» **Task item**: Copy without pictures. Please restate each line of the listing exactly.

» **Supplied material**:
****************************************
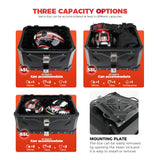 KEMIMOTO 45L/55L/65L Motorcycle Aluminum Case Tail Box Trunk with backrest Universal Top Tail Rear Luggage Tool Storage Box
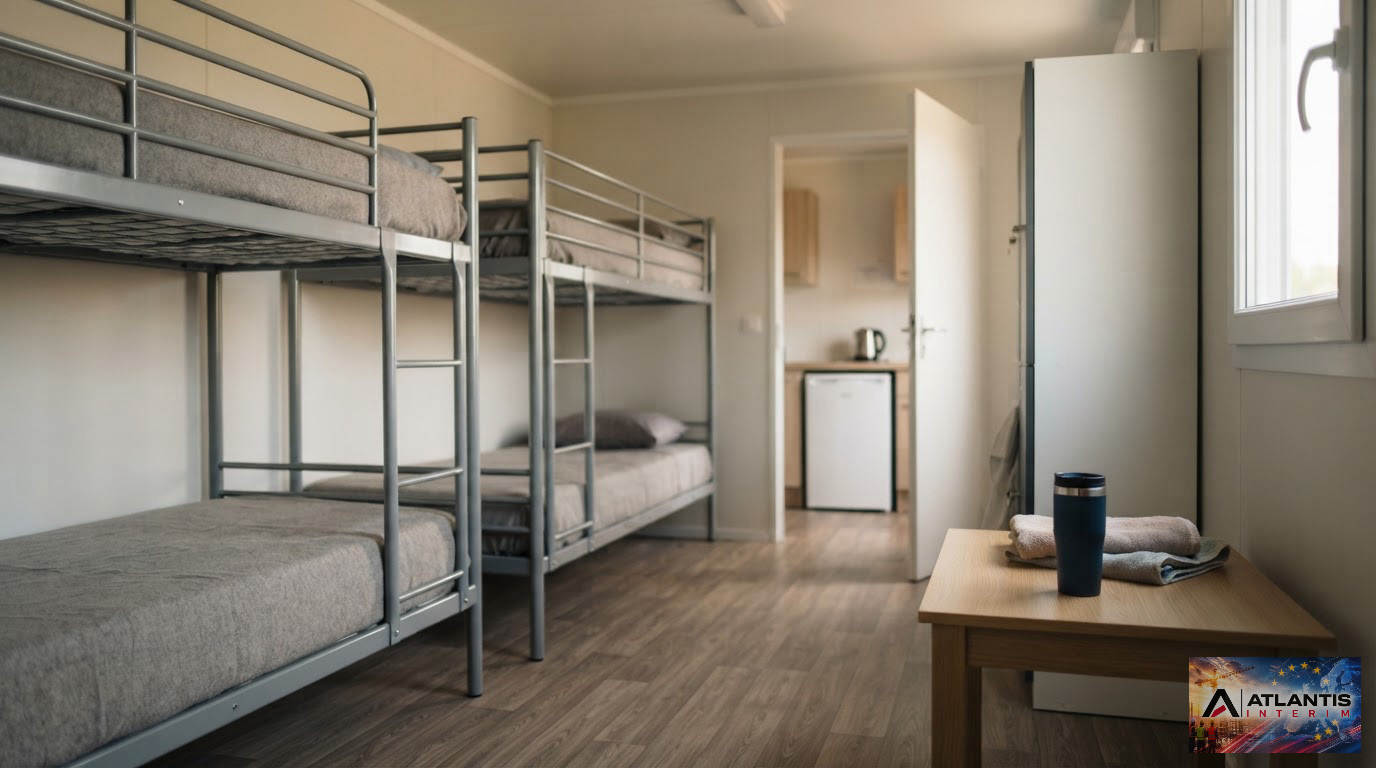Un hébergement propre et conforme pour les ouvriers sur un chantier.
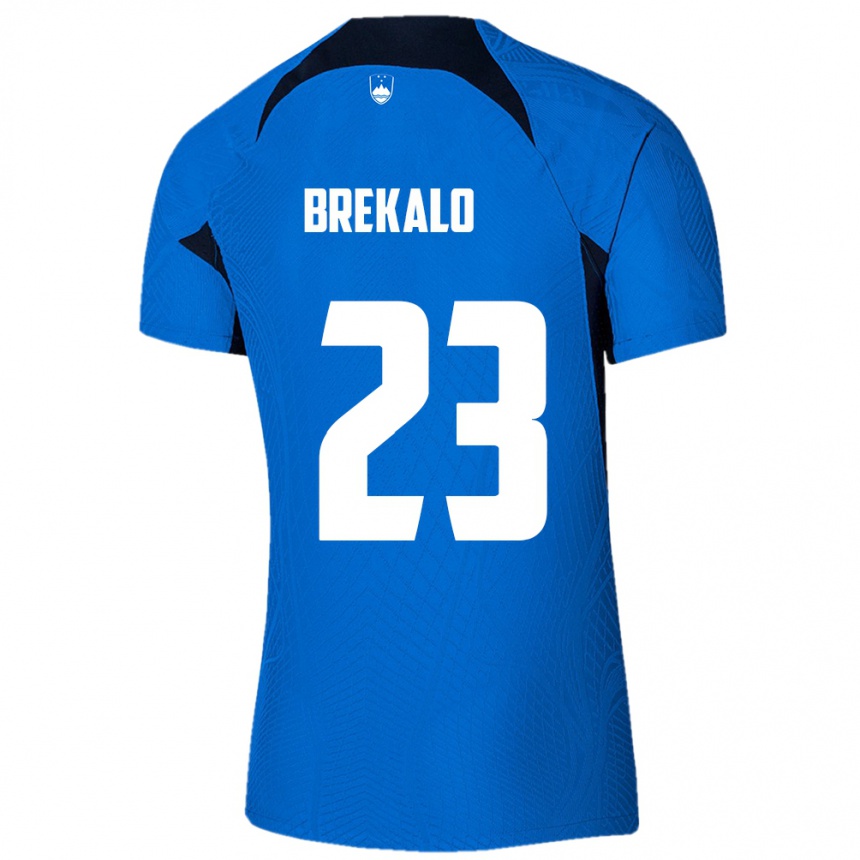 Kids Football Slovenia David Brekalo #23 Blue Away Jersey 24-26 T-Shirt Australia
****************************************
» **Reply**:
 KEMIMOTO 45L/55L/65L Motorcycle Aluminum Case Tail Box Trunk with backrest Universal Top Tail Rear Luggage Tool Storage Box
Un hébergement propre et conforme pour les ouvriers sur un chantier.
 Kids Football Slovenia David Brekalo #23 Blue Away Jersey 24-26 T-Shirt Australia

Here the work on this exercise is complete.